Yep, that’s me. I have a tattoo. I’ve had it for a couple of years now, but the meaning behind it has been very much in my mind lately. It’s a water droplet with a cross, and I designed it as a reminder to myself that my life is to be poured out like water in service to Christ. It took me a couple of years to really analyze what I wanted to use as a symbol that would sufficiently sum up how I want to be defined. And this is it. Everything that I ever was, am right now or ever will be is to be poured out.
I gave my life to the Lord when I was three years old. Obviously, it was a very simple and naive decision at that point. But it is a decision that I have never wavered on. As a teen and young adult, I often made decisions that were not in line with God’s will for my life, but He always drew me back and gently corrected me. As time marches on, though, and life only seems to get more complex, I find myself wanting more and more to pour out my life – my own wants, my own comfort, my own ideas of what is best for me and my family.
Sometimes the decisions are easy. I can see the immediate benefit to following what I know He wants me to do. Sometimes I think I know what I’m getting myself into by following His instructions, and I convince myself that I can deal with the short-term hardship and then there will be great rewards. (Those situations seem to need a daily recommitment as the “short-term” grows longer and the rewards seem farther away and less worthwhile.) And sometimes I feel like I have no choice but to completely let go of everything I hold dear because I can’t control anything and I can’t make sense of what His plan is.
But this I know: He’s worth it.
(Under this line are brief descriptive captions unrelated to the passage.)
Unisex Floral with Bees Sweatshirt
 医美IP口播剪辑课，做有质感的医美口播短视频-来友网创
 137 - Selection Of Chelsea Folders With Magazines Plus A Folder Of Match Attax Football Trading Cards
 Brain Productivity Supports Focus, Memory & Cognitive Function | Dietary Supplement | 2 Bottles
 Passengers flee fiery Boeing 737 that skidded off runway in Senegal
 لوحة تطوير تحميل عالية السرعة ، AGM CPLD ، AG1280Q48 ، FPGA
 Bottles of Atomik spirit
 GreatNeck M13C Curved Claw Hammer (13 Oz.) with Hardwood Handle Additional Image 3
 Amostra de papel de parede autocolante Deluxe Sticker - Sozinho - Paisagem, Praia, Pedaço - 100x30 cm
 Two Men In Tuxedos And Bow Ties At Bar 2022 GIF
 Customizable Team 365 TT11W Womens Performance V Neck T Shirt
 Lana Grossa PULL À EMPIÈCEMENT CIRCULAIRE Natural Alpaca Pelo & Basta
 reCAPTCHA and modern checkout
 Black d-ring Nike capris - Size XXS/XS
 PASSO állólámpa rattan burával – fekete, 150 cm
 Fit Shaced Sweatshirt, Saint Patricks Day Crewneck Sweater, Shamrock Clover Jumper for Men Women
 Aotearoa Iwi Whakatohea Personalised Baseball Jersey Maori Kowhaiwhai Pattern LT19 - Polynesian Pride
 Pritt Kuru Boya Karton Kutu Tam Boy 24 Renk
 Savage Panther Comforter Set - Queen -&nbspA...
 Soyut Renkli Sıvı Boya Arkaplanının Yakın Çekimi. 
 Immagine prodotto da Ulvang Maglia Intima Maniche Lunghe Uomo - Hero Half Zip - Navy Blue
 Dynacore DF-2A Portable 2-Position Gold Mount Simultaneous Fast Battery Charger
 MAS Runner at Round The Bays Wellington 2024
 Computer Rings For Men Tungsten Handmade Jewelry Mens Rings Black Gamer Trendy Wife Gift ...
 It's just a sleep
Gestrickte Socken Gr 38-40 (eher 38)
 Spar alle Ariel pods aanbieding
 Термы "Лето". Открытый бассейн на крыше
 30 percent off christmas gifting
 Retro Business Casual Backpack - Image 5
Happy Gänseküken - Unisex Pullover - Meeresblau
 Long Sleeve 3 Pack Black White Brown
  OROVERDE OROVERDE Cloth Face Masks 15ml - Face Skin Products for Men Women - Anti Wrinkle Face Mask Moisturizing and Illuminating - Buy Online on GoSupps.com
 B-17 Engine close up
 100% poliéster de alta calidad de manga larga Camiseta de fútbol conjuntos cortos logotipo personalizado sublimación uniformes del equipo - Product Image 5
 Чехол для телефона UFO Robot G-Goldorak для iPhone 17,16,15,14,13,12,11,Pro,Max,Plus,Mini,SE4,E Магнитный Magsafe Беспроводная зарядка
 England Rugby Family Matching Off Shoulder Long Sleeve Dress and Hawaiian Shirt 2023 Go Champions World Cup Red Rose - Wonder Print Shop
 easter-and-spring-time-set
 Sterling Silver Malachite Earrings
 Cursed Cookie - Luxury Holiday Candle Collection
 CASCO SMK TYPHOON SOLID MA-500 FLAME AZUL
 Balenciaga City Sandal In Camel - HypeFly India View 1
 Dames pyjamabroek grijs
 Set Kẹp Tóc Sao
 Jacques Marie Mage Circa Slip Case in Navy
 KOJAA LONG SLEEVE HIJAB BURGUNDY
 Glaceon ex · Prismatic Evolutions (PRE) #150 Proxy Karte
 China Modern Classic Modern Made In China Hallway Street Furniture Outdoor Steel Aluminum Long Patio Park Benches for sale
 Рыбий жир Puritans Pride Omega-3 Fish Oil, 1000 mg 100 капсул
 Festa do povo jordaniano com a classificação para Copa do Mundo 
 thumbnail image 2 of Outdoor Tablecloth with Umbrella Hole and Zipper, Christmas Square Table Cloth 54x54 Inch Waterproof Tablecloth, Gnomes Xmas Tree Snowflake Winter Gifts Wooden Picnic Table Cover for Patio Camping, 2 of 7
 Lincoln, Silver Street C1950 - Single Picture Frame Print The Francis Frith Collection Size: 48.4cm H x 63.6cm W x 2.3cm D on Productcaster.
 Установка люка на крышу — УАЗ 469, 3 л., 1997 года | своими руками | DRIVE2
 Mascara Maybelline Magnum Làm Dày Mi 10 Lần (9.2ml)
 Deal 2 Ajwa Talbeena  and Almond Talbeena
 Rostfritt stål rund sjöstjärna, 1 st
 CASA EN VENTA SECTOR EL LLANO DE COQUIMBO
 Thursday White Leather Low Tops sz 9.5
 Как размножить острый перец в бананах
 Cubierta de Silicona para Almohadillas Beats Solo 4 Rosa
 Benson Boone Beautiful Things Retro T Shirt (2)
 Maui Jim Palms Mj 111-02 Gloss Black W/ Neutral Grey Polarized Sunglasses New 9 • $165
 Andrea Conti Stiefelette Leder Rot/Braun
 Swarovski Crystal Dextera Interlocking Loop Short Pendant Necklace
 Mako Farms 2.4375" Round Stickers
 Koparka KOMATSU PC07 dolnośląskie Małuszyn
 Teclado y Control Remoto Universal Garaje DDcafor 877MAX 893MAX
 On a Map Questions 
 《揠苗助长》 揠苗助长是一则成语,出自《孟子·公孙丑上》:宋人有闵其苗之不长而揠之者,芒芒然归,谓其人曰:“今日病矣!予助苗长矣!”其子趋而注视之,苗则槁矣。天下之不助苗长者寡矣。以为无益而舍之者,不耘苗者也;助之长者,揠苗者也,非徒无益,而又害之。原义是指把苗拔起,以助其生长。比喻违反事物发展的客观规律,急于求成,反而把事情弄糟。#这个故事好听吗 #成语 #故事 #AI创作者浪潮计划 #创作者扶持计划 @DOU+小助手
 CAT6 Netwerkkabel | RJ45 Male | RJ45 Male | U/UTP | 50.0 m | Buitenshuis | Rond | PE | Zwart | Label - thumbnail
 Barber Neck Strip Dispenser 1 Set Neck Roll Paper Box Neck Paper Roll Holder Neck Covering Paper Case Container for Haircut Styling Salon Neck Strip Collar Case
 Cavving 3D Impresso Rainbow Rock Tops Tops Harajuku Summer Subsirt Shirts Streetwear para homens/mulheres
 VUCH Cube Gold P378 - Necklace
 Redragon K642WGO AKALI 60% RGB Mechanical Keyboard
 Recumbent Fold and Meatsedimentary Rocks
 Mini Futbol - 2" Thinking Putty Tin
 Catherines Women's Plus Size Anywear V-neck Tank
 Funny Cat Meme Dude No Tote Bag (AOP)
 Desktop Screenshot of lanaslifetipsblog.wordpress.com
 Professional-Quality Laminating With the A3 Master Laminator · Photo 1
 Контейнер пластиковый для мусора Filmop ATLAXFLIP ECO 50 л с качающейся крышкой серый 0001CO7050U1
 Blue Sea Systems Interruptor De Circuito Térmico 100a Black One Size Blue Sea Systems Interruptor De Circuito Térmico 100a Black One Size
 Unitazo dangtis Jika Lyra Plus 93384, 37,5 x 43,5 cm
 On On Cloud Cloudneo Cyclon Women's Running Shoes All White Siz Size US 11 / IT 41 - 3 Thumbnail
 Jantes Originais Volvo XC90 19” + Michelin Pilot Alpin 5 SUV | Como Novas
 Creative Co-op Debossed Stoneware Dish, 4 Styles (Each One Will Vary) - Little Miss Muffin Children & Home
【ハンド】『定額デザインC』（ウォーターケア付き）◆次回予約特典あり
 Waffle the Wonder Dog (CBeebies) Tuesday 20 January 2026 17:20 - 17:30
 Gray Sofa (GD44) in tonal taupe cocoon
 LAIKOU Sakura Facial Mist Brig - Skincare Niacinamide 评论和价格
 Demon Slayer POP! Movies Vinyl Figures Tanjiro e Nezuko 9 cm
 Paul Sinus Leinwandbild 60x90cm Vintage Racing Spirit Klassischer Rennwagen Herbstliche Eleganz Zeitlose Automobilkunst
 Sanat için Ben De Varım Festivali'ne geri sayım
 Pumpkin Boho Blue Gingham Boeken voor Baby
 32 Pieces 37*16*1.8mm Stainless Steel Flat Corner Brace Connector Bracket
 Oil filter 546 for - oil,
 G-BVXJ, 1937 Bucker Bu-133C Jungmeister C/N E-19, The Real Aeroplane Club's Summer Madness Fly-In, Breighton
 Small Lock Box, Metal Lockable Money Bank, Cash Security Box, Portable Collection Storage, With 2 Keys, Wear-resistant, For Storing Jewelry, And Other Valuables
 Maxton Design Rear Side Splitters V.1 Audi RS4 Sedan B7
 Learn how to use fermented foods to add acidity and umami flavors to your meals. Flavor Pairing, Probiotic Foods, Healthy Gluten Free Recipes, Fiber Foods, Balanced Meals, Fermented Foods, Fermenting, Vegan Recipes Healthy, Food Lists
This is why I’ve had it marked on my skin for as long as I have this body: He’s worth it! My life, whether it’s filled with joy or heartbreak, is a mere breath in the scope of time. What on earth do I have to offer, for heaven’s sake? Just me. All of me. It’s not much, but it’s all I’ve got. And He’s worth it all.
The amazing thing is that He considered ME to be worth HIS all.
I mentioned in an earlier post that I’m involved in an Easter Passion play at our church. This role is bigger and more demanding than any role I have ever had (not that that’s a long list). There has been a lot going on in our family and in our plans for the future over these past few months, and it has been difficult for all of us to have me involved in this show. But as I’ve dredged through so many emotions in my character, I have had to get to know Jesus on a deeper level than I ever have before. And I can only come to the same conclusion: He’s worth it.
There is nothing in my life that I would choose to change if it meant loving Him less, serving Him less, or giving Him less glory. I count it all joy if my life can be poured out like water for Him.